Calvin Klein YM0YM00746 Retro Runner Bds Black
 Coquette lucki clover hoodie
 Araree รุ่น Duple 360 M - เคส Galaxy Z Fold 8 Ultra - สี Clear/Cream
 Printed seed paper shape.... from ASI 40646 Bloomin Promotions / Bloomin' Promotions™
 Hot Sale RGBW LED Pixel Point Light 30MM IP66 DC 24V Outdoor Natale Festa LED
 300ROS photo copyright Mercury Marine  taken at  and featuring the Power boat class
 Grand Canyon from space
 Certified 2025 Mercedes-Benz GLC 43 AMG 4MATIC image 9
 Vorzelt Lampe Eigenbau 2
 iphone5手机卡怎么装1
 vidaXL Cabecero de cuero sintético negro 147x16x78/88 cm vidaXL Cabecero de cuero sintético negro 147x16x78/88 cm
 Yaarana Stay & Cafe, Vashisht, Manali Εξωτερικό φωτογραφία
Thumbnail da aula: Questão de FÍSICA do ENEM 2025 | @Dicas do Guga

****************

→ Exercise goal:
Retype the listing above, word for word, from its first line to the line containing "Yaarana Stay &", both ends included.

→ Result below:
Calvin Klein YM0YM00746 Retro Runner Bds Black
 Coquette lucki clover hoodie
 Araree รุ่น Duple 360 M - เคส Galaxy Z Fold 8 Ultra - สี Clear/Cream
 Printed seed paper shape.... from ASI 40646 Bloomin Promotions / Bloomin' Promotions™
 Hot Sale RGBW LED Pixel Point Light 30MM IP66 DC 24V Outdoor Natale Festa LED
 300ROS photo copyright Mercury Marine  taken at  and featuring the Power boat class
 Grand Canyon from space
 Certified 2025 Mercedes-Benz GLC 43 AMG 4MATIC image 9
 Vorzelt Lampe Eigenbau 2
 iphone5手机卡怎么装1
 vidaXL Cabecero de cuero sintético negro 147x16x78/88 cm vidaXL Cabecero de cuero sintético negro 147x16x78/88 cm
 Yaarana Stay & Cafe, Vashisht, Manali Εξωτερικό φωτογραφία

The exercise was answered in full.